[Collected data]
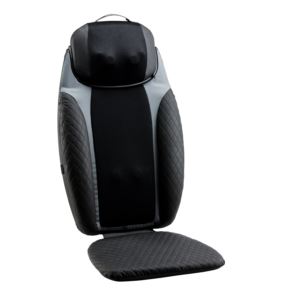 2-in1+Shiatsu+Massaging+Seat+Topper+w%2F+Removable+Massage+Pillow+%26+Heat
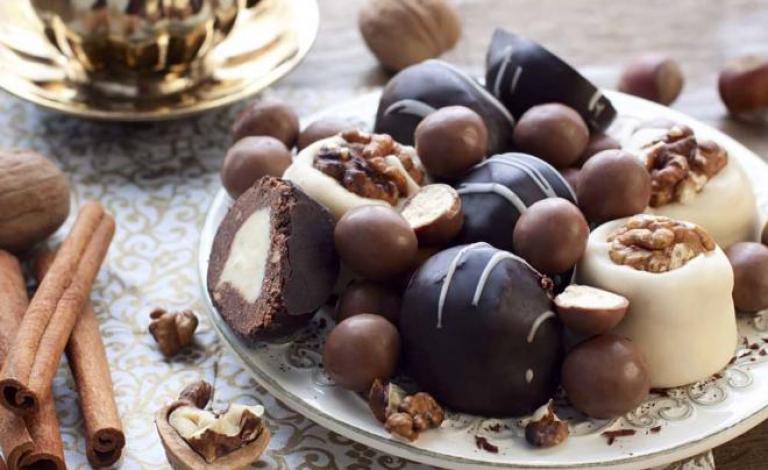 شوكولاتة فاخرة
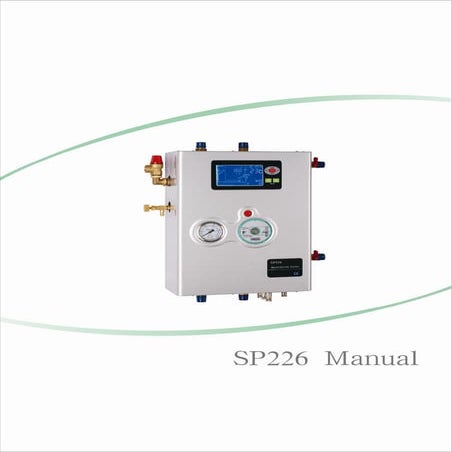SP226 Manual+Ultisolar New Energy Co Ltd Solar Pump Station Solar Water  Heater Controller Smart Controller Woolf Zhang Ultisolar@gmail.com.pdf | PDF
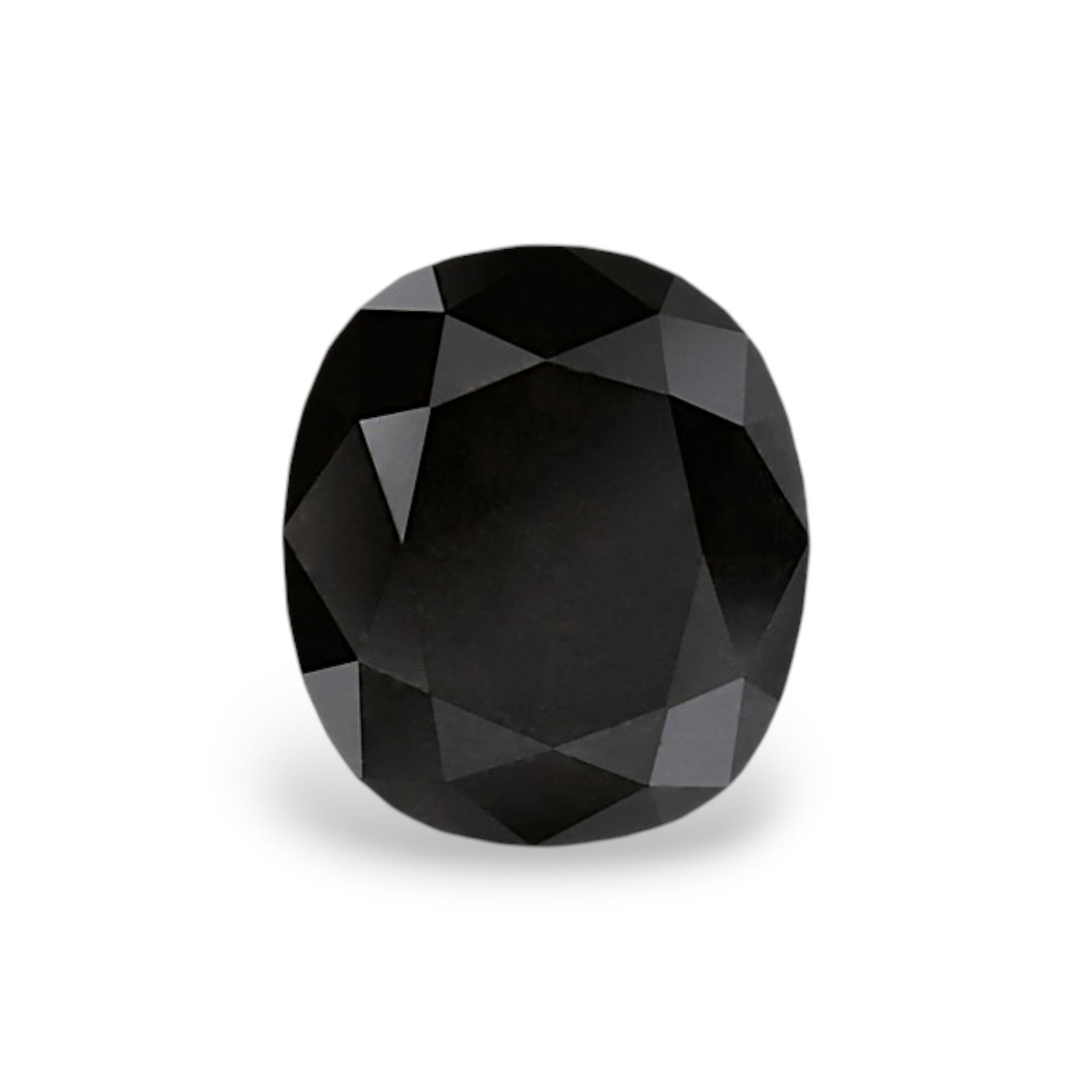 GIA Cushion Brilliant 1.59ct Fancy Black VVS2 - Loose Natural Diamond: GIA Cushion Brilliant 1.59ct Fancy Black VVS2 - Loose Natural Diamond GIA-certified, this 1.59ct Fancy Black VVS2 diamond boasts exceptional clarity and polish, with an EX symmetry that showcases its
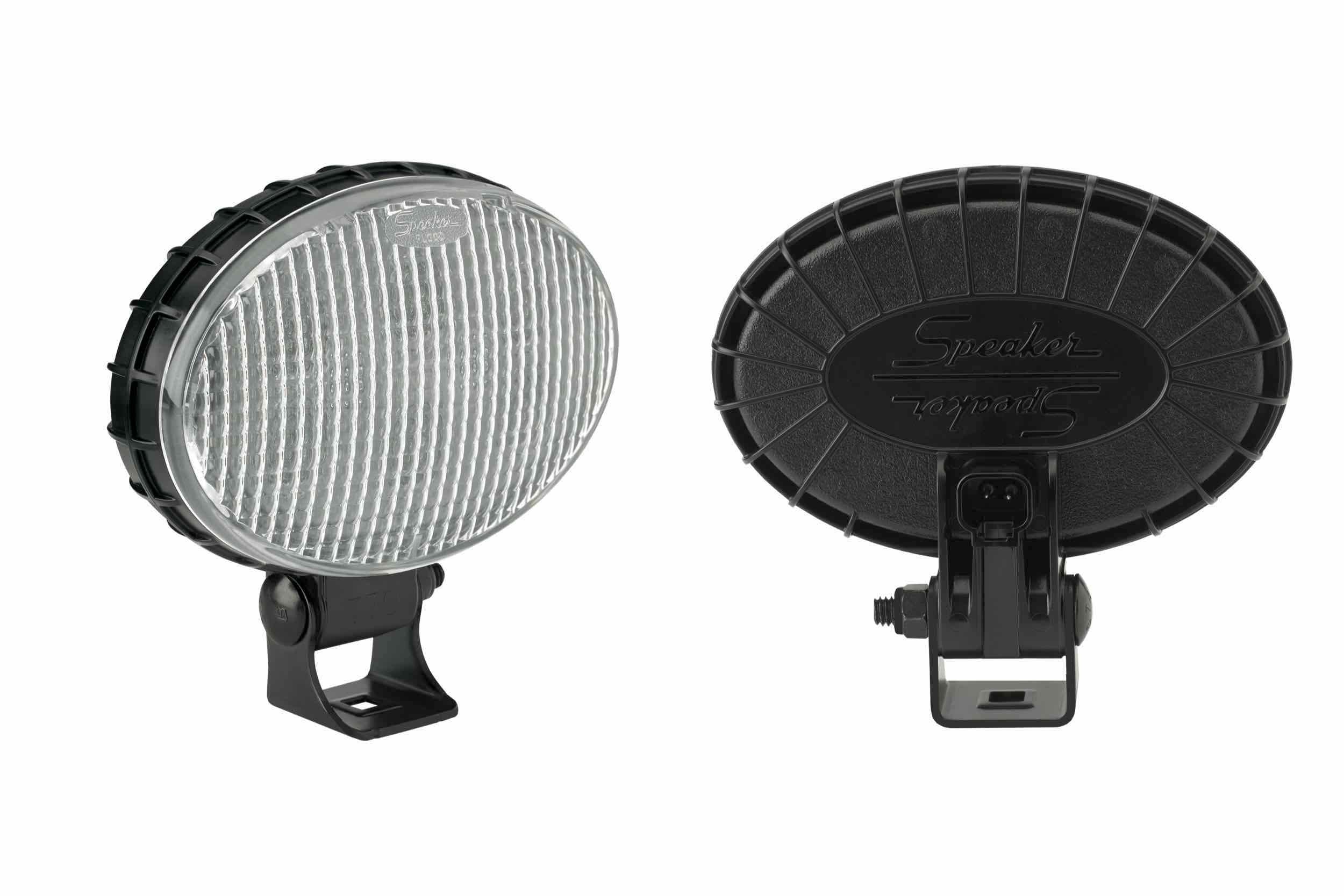 JW Speaker: 770F-12/48V XD Worklamp - Flood Beam - product image 2
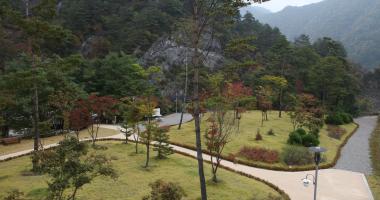 구문소 전경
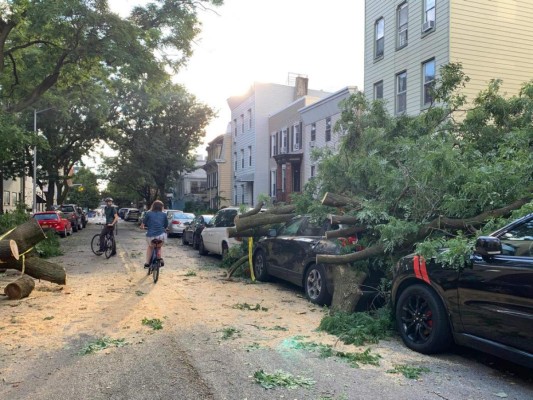 Al menos cuatro muertos deja tormenta Isaías por la costa este de EEUU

** WORK ITEM **
Leave out the pictures, and retype exactly the lines from the one containing "JW Speaker: 770F-12/48V" through the last line of the data above, no more and no less.

** RESULT OF THE EXERCISE **
 JW Speaker: 770F-12/48V XD Worklamp - Flood Beam - product image 2
 구문소 전경
 Al menos cuatro muertos deja tormenta Isaías por la costa este de EEUU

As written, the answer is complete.